Record extracts
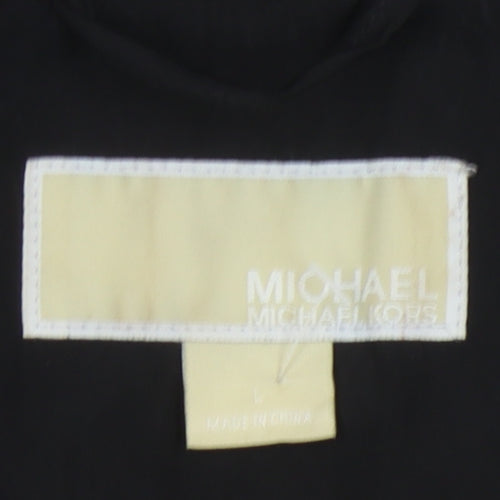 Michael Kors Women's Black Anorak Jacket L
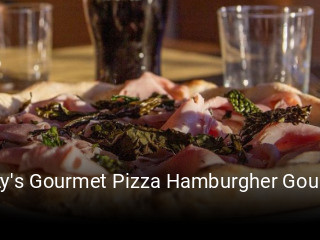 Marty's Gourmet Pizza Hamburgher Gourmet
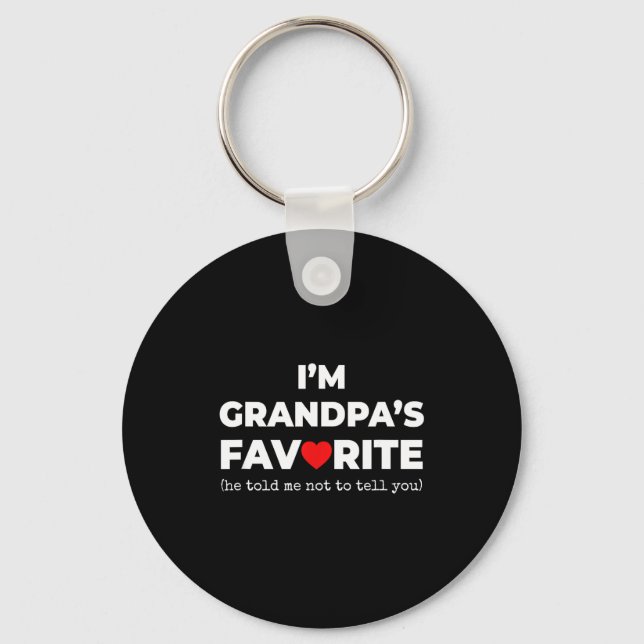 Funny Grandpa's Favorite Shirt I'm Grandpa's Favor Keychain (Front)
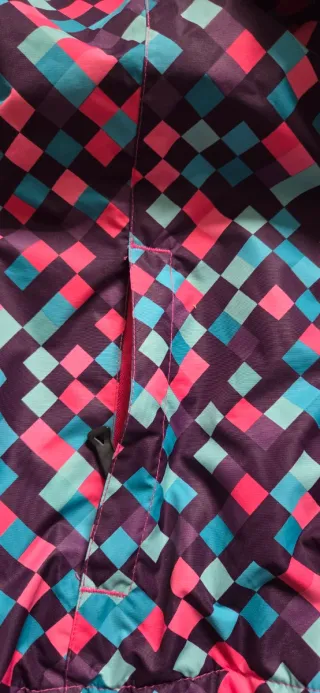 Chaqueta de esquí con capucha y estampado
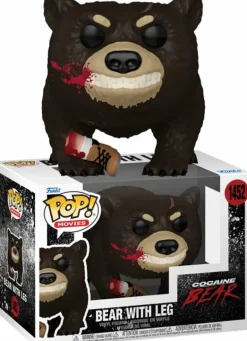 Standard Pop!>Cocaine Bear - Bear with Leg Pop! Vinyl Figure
==
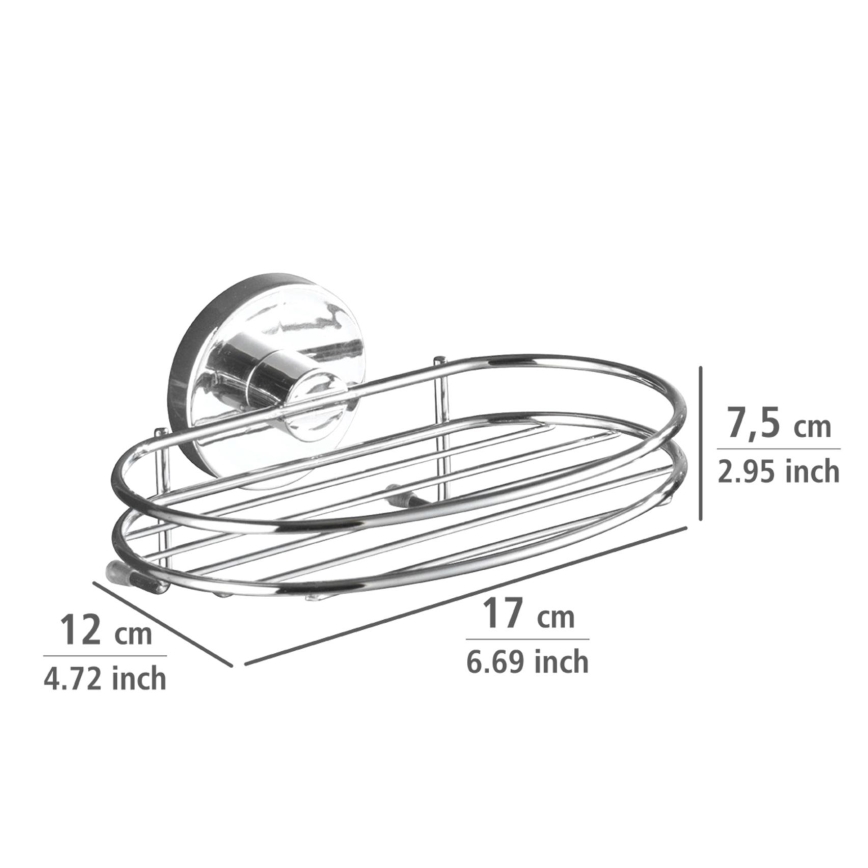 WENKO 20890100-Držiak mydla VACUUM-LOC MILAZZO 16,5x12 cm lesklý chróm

Goal of the exercise
Starting with the line above that holds "Chaqueta de esquí con capucha y estampado", restate each line word for word up to and including the line that holds "Standard Pop!>Cocaine Bear". Drop the pictures.

Your response
 Chaqueta de esquí con capucha y estampado
 Standard Pop!>Cocaine Bear - Bear with Leg Pop! Vinyl Figure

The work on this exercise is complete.